Essa consolidação envolve não apenas o fortalecimento dos órgãos ambientais federais, mas também das instituições responsáveis pela segurança pública, inteligência, regulação e gestão territorial, especialmente nos estados da Amazônia Legal, ressalta a entidade.
O instituto acrescenta que esse movimento requer ampliar a capacidade de implementação das sanções administrativas, assegurar a permanência da atuação estatal após operações de fiscalização e fortalecer mecanismos de responsabilização administrativa, civil e penal capazes de reduzir a impunidade associada aos crimes ambientais.
Consolidar a integridade ambiental como princípio estruturante das cadeias econômicas
A redução duradoura do desmatamento ilegal depende da diminuição dos incentivos econômicos associados às atividades ilícitas, diz o Instituto Igarapé. Para isso, torna-se necessário fortalecer mecanismos de integridade capazes de aumentar a transparência, a rastreabilidade e a responsabilização ao longo das cadeias produtivas associadas ao uso da terra, à mineração e à exploração florestal.
Segundo o Igarapé, o aprimoramento da governança dessas cadeias requer acelerar a integração entre sistemas de informação, ampliar a qualidade dos registros territoriais, promover maior transparência, consolidar mecanismos de diligência e fortalecer instrumentos regulatórios capazes de reduzir oportunidades para fraude e lavagem de produtos provenientes de atividades ilegais. Essas medidas devem estar entre as prioridades do próximo governo, chama atenção o instituto.
Mais do que aperfeiçoar controles individuais, explica a entidade, é preciso construir um ambiente institucional que dificulte sistematicamente a inserção da ilegalidade na economia formal.
Transformar a floresta em pé em uma estratégia de desenvolvimento
Embora o fortalecimento do comando e controle continue sendo indispensável, o instituto pontua que a sustentabilidade depende da expansão de alternativas econômicas capazes de gerar renda, investimentos e oportunidades compatíveis com a conservação da floresta.
O desafio do próximo ciclo, na avaliação da entidade, será transformar a bioeconomia, a restauração florestal, os mercados de ativos ambientais e outros instrumentos de desenvolvimento sustentável em componentes estruturantes da estratégia de desenvolvimento da Amazônia.
Para tanto, defende consolidar instrumentos públicos de financiamento, garantir a implementação das estratégias nacionais já aprovadas, fortalecer mecanismos de monitoramento territorial e assegurar que investimentos em infraestrutura, logística e desenvolvimento regional estejam alinhados aos objetivos de conservação, evitando que políticas setoriais produzam incentivos contraditórios ao combate ao desmatamento.
O Igarapé afirma que os avanços alcançados na redução do desmatamento reposicionaram o Brasil como um ator central na agenda internacional de clima, biodiversidade e proteção das florestas.

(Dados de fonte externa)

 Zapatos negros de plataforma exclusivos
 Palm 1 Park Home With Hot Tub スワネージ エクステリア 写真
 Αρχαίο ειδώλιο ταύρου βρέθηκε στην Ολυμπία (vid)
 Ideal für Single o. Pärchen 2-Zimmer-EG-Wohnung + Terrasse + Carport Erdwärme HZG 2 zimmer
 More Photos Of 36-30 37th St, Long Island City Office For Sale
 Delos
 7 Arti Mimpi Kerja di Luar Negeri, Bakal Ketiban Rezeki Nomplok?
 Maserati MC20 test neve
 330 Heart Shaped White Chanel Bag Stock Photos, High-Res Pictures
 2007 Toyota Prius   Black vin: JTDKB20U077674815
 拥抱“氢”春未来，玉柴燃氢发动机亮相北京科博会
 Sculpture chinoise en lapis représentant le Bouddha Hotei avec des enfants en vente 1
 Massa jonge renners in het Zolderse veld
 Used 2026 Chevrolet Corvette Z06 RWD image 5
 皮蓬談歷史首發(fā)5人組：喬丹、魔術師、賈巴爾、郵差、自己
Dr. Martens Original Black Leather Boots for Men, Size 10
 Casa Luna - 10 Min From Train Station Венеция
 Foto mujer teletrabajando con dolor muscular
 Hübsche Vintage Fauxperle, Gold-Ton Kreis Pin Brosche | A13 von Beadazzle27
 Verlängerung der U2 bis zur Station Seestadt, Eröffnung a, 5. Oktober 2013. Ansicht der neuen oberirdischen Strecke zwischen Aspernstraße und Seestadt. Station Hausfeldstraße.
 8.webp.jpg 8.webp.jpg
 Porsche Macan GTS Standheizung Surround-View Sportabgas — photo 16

Desde 2023, o Brasil foi fundamental não apenas para articular os temas do desmatamento e dos crimes ambientais na agenda climática internacional, avalia o Igarapé, que destaca ainda o papel brasileiro em levar questões ambientais a espaços internacionais voltados à cooperação em crime e segurança. Preservar essa liderança, acredita o instituto, dependerá da manutenção do protagonismo diplomático, da implementação consistente dos compromissos assumidos pelo país, da mobilização de financiamento internacional e do fortalecimento dos mecanismos de cooperação regional.
Segundo o instituto, a política externa pode desempenhar papel estratégico na consolidação da agenda doméstica, ampliando oportunidades para financiamento, cooperação técnica e jurídica, integração regional e fortalecimento das capacidades nacionais necessárias para sustentar a transição para uma economia de baixo carbono compatível com a conservação da Amazônia.